Au Tchad, le choléra "nomade"

Choléra et concentration humaine sont deux concepts qui semblent être intimement liés : des centres urbains, des camps de réfugiés ou des installations temporaires d'urgence constituent des terrains propices à la propagation de l'épidémie. Mais au Tchad, le choléra se propage aussi de manière isolée, véhiculé par les nomades au gré de leurs déplacements d’une région à l'autre. Dans ce contexte, les mauvaises conditions d'hygiène, l'insalubrité de l'eau et le manque de connaissances sur la transmission de la maladie compliquent énormément le contrôle de l'épidémie.Mohammat Gana Ali, 11 ans, est alité depuis deux jours dans le Centre de traitement du choléra (CTC) de Chikutalia, une localité entourée de dunes et de polders où se sont réunis des dizaines de groupes de nomades pour récolter le maïs.

C'est le mois de novembre et il est urgent de terminer la récolte, puisqu’il reste peu de jours avant que les eaux ne couvrent de nouveau toute la région du Lac. C'est cette exigence qui a accéléré au cours des dernières semaines la propagation du choléra dans cette zone, l'une des plus affectées par l'épidémie qui, depuis la fin du mois d'août, frappe le Tchad, un pays où cette maladie a déjà causé plus de 160 victimes et contaminé 5 600 personnes.

Mohammat voyage avec son marabout - directeur d'une école coranique - et vingt autres enfants d'un polder à l'autre, comptant dormir sur place, à proximité des lieux de récolte, où ils essaieront d'obtenir un peu de nourriture et d'eau de la part des autres nomades installés temporairement dans la zone. 

Mais la nourriture est peu abondante et l'eau, une ressource rare, provient de puits insalubres auxquels s'abreuvent aussi bien les personnes que le bétail. Mohammat n'a a boire que l'eau qu'il trouve sur son chemin, doit faire ses besoins en plein air et n'a que rarement la possibilité de se laver les mains.

Il ne savait pas ce qu'était le choléra et quelle en était la cause, mais il l'a appris en le vivant dans sa propre chair. La bactérie s'est silencieusement développée dans son organisme pendant quatre jours environ, le temps que lui et ses collègues quittent le polder où ils faisaient la récolte - un site où plus de 10 infections ont déjà été enregistrées - et se réinstallent à Mondowa, petite communauté qui se trouve dans la zone d'intervention d'Oxfam.

Pour Mohammat, ce déplacement s'est révélé être providentiel. Quand il s'est effondré, les habitants du village ont immédiatement alerté l'ambulance, comme les équipes de sensibilisation de l'organisation, qui travaillaient dans la zone quelques jours avant, leur avaient recommandé de faire.

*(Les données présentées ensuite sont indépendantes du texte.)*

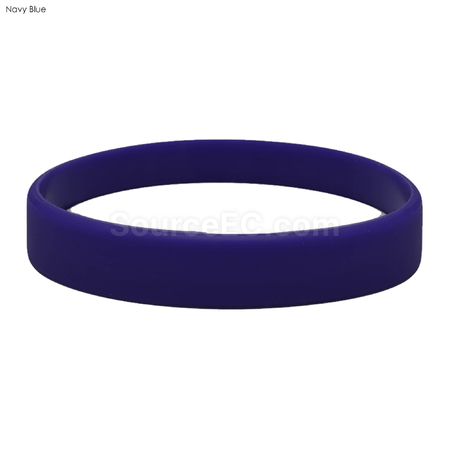 Customization Silicone Wrist Band Debossed Corporate Gifts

"Chaque cas qui est admis au CTC nous donne des pistes sur la situation possible du foyer de contagion de l'épidémie", explique Mohammat Tidjani, l'infirmier responsable du CTC de Chikutalia. Et c'est là où les équipes de désinfection et de sensibilisation d'Oxfam interviennent rapidement, dans une lutte contre la montre pour éradiquer la bactérie.

"Le plus urgent est de désinfecter le lieu où la personne est tombée malade, alerter la famille et les voisins sur le danger de la propagation et distribuer du savon et de l'eau de Javel pour qu'ils les incorporent immédiatement dans leurs comportements d'hygiène", explique Charles Mampasu, responsable de la réponse d'Oxfam face à l'urgence du choléra au Tchad.

Mais ce processus, standard dans les autres interventions que l'organisation réalise dans le pays, devient un travail ardu parmi la population nomade. "Les nomades se déplacent et par leur intermédiaire la bactérie voyage d'une zone à une autre, en rendant très difficile et beaucoup plus longue son éradication", ajoute le responsable d'Oxfam .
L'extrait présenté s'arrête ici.